中国古代文论“水喻文法”批评

2022-02-13 22:25方静
青年文学家 2022年35期
关键词:文法活法文论

方静

中国古代文论中常见“以水喻文”,如“陆才如海,潘才如江”(钟嵘《诗品》),“昌黎之文如水”(刘熙载《艺概·文概》)。创作法则层面也常见水喻,尤其在“活法”论中“行云流水”等譬喻堪称典范。目前学界关于“以水喻文”的研究尚无针对“文法”的专论。本文将就此问题展开论述。

一、水喻“定法”

“定法”或稱“成法”,指创作实践中积累的较为固定的法则技巧。其中多见水喻。

(一)修辞之法

古人追求“文质彬彬”,即文辞修饰与思想内容配合得当。陆机《文赋》有言:“言寡情而鲜爱,辞浮漂而不归。”意思是缺乏情思的言辞,如同水上漂浮。萧统要求文章“丽而不浮”(《答湘东王求文集及诗苑英华书》),以“浮”指代过度修饰。刘勰记载得更具体:“辞如川流,溢则泛滥。权衡损益,斟酌浓淡。”(《文心雕龙·熔裁》)河流不能泛滥,同理,修辞亦不可过度。唐代柳冕也有言:“盖文有余而质不足则流,才有余而雅不足则荡;流荡不返,使人有淫丽之心,此文之病也。”(《与徐给事论文书》)“流荡”类同轻浮泛滥,俱指文辞夸饰。以水比喻文辞法度,反映了古人的独到认识:文辞如流水般活跃,不是僵硬的形式外壳,应与情思同频,须流畅达意,不能荡无旨归。

(二)章句之法

在对仗方面,对仗须工整严密,但又排斥板滞僵化。清沈祥龙说:“词中对句,贵整炼工巧,流动脱化。”(《论词随笔》)句法整炼之外亦须“流动”。沈德潜评价李商隐和温庭筠诗句“属对精工”,以“此日六军同驻马,当时七夕笑牵牛”(李商隐《马嵬》其二)和“回日楼台非甲帐,去时冠剑是丁年”(温庭筠《苏武庙》)为例,说“对句用逆挽法,诗中得此一联便化板滞为跳脱”(沈德潜《说诗晬语》)。“滞”是停滞不动的水,“不滞”意为诗句要流动通脱。此外,古人还非常推崇“流水对”,即字句对偶,意思却连贯而下,如流水顺淌,如“白日依山尽,黄河入海流。欲穷千里目,更上一层楼”(王之涣《登鹳雀楼》)。第一联意义关系是并列的,能明显看出是对偶。第二联意义衔接紧密,前后因果顺承而下,不觉对偶但确是对偶,此为流水对。类似的例子还有“行到水穷处,坐看云起时”(王维《终南别业》),“即从巴峡穿巫峡,便下襄阳向洛阳”(杜甫《闻官军收河南河北》)。这两联诗都是上下句语义逻辑一脉相承,似娓娓道来却暗合偶对法度。流水对的精髓就是寓灵活于整齐,水过无痕,顺畅自然。

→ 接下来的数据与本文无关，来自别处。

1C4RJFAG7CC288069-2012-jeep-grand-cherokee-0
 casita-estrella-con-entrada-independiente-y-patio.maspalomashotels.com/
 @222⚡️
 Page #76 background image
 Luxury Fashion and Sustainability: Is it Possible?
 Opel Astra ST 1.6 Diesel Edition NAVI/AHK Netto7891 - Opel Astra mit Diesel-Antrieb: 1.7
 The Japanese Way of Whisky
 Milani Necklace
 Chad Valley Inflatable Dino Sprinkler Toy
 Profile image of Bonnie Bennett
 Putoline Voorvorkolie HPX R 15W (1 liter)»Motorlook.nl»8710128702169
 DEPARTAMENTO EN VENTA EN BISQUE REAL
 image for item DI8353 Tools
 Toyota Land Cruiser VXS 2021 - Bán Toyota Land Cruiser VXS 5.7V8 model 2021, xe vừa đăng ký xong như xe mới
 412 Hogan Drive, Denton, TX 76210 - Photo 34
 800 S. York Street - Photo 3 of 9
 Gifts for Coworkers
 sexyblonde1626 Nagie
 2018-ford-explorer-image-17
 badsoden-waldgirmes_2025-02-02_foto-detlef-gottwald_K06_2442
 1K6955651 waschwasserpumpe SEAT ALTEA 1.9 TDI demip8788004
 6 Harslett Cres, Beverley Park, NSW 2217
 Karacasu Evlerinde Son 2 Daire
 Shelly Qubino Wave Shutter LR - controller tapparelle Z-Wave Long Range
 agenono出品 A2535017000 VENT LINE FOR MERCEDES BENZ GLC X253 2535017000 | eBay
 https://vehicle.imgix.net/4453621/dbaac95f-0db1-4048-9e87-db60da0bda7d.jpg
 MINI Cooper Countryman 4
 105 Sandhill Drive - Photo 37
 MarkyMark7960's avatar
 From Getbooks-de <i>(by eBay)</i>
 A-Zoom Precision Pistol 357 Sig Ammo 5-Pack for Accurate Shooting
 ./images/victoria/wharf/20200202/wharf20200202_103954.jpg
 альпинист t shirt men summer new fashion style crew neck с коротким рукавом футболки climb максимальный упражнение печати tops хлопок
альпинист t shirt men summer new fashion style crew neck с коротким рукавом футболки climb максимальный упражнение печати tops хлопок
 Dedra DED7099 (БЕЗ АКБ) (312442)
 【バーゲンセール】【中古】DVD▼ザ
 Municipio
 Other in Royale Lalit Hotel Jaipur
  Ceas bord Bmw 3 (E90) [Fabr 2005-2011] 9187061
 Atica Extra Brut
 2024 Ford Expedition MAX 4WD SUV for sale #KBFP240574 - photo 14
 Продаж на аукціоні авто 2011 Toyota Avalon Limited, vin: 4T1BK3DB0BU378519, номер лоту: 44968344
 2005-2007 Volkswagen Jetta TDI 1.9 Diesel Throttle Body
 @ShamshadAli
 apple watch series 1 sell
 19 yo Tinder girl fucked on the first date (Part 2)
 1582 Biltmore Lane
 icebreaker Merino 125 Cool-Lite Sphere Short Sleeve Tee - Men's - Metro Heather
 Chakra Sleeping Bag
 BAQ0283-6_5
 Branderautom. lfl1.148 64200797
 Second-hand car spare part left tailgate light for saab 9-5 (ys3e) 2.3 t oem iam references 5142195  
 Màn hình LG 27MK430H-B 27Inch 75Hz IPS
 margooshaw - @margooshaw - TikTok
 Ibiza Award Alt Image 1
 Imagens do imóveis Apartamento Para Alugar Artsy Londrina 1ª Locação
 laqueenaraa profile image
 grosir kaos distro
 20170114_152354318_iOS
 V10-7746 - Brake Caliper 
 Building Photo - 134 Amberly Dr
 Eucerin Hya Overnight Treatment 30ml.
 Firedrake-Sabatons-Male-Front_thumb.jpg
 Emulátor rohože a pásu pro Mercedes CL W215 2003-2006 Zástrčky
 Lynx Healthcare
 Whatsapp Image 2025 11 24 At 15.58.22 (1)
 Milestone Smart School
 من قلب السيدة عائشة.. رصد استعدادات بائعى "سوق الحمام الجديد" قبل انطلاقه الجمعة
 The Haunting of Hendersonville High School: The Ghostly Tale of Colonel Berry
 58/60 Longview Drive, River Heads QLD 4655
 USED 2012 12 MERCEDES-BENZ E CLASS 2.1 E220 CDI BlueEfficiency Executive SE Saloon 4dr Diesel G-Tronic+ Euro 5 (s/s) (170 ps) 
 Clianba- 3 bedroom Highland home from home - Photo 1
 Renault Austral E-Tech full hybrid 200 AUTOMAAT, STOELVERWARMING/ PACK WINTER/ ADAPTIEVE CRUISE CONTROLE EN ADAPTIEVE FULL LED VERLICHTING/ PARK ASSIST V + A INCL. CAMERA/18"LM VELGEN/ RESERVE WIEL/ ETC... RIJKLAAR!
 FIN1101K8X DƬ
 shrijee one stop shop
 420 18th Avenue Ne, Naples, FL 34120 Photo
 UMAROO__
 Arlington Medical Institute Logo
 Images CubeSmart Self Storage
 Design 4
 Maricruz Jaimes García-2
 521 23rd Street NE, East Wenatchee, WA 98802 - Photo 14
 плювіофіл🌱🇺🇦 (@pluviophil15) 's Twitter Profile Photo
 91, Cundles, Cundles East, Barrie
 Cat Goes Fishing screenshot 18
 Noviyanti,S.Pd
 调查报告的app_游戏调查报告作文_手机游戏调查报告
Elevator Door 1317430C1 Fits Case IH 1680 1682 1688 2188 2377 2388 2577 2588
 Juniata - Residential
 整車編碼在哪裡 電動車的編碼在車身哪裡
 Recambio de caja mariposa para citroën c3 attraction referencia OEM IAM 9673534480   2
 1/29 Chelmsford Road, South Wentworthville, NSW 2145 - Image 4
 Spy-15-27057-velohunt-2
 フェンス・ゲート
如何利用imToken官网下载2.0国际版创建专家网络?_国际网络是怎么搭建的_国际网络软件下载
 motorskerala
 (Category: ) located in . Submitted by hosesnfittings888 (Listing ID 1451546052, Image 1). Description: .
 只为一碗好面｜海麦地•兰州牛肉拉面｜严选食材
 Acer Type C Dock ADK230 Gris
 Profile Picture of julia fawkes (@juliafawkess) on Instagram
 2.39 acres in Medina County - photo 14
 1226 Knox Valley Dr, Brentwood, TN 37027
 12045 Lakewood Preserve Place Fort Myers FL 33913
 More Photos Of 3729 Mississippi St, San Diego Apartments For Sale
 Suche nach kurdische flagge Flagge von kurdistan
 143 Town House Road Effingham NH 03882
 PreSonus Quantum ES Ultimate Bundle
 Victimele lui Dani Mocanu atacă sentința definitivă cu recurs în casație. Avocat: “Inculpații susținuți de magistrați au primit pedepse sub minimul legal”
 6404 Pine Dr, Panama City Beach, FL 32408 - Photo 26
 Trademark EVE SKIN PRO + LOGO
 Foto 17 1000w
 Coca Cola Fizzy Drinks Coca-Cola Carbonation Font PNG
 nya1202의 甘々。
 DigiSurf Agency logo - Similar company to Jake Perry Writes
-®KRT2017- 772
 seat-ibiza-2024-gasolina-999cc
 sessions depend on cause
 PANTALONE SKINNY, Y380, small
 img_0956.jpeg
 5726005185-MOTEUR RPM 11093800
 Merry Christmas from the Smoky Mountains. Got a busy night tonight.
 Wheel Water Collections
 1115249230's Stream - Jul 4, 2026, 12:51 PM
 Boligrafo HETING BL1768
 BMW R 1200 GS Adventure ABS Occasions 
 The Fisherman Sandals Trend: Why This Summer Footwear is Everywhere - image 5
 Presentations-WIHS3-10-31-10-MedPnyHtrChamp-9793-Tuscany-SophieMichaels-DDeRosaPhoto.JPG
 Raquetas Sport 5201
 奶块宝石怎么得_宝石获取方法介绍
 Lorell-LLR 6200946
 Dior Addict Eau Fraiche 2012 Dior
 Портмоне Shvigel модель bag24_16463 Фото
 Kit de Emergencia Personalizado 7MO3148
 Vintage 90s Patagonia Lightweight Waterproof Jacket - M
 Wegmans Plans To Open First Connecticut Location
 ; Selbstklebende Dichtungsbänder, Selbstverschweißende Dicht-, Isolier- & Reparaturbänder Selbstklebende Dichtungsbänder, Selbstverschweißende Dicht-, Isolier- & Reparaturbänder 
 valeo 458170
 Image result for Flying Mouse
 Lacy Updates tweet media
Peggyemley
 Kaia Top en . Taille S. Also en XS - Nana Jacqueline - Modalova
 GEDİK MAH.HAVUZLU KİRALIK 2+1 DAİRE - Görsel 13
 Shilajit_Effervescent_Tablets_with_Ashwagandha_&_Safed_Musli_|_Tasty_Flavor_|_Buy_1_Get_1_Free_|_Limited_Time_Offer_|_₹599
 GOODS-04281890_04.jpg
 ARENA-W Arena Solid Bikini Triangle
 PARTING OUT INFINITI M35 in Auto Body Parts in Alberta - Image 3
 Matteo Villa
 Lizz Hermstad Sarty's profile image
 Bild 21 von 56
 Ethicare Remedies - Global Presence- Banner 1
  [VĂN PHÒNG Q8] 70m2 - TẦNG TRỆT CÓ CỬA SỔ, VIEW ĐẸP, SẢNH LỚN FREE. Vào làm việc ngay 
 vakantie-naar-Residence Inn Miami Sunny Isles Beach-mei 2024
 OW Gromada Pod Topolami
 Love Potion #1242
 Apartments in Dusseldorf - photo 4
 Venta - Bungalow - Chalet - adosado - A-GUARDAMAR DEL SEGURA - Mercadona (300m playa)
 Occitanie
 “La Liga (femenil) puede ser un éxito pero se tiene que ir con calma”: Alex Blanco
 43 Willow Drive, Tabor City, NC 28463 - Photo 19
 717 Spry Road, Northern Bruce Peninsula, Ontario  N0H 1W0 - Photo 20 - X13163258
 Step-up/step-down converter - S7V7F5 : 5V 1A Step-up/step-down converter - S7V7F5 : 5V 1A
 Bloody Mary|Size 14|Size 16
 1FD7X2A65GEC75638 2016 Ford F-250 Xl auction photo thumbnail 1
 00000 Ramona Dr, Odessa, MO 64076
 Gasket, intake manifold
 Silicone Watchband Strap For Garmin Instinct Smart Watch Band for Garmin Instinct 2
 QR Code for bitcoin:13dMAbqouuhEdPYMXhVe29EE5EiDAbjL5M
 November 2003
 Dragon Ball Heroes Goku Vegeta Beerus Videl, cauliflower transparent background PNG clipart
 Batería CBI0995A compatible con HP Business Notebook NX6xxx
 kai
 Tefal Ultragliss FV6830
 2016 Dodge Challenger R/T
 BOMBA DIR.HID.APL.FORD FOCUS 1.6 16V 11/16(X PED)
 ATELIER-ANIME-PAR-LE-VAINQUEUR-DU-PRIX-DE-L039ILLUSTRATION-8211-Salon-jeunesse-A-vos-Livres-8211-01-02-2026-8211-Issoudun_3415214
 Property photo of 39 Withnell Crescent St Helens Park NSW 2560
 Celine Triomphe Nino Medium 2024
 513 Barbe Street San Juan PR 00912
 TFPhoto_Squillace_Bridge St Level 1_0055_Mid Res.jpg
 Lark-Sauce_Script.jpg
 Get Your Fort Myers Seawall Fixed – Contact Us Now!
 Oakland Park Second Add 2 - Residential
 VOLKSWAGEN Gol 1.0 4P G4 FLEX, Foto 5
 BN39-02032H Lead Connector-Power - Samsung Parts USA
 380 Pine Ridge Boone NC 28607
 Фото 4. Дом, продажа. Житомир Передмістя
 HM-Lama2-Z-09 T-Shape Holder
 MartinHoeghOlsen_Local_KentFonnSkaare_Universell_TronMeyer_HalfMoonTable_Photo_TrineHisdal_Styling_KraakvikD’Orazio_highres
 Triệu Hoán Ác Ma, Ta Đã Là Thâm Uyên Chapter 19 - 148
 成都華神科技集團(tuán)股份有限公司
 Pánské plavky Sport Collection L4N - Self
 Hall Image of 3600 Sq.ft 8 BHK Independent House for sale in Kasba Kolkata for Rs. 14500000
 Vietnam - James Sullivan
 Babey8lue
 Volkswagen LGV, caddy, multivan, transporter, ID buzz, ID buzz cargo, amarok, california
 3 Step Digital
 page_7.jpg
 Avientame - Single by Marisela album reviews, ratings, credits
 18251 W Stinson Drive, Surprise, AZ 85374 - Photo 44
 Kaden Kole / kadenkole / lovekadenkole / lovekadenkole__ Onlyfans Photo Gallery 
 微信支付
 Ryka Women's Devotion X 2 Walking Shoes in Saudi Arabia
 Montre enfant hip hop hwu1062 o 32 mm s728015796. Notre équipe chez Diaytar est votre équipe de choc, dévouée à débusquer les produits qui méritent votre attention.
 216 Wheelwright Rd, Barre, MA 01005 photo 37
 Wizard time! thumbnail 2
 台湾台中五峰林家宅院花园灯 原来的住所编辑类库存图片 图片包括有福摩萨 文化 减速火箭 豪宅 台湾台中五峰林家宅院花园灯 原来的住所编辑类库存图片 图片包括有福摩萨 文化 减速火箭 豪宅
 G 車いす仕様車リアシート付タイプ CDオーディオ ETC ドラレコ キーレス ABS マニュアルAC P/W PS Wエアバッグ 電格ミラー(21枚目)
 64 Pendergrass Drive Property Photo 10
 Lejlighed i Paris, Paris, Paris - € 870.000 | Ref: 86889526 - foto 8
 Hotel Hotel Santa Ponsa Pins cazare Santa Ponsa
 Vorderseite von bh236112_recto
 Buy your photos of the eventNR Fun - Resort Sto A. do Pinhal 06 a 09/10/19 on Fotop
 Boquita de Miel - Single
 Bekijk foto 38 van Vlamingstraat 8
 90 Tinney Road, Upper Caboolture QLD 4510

在章法开阖方面,黄庭坚《答洪驹父书》中提出:“凡作一文,皆须有宗有趣,始终关键,有开有阖。如四渎虽纳百川,或汇而为广泽,汪洋千里,要自发源注海尔。”作文如川流入海,铺陈再广,终有归处,不能一味漫延没有宗旨。刘熙载谈开阖:“大起大落,大开大合,用之长篇,此如黄河之百里一曲,千里一曲一直也。”(《艺概·诗概》)“大开大阖”,要的是一张一弛,放与收之间构成张力。如此章法,就如同黄河流行,曲直承转间成动荡之势。方东树认为“章法则须一气呵成,开合动荡,首尾一线贯注”(《昭昧詹言》卷十四)。总体来说,作文要有开阖,开阖促动荡,而动荡流转中始终脉络连贯,如百川入海,九九归一。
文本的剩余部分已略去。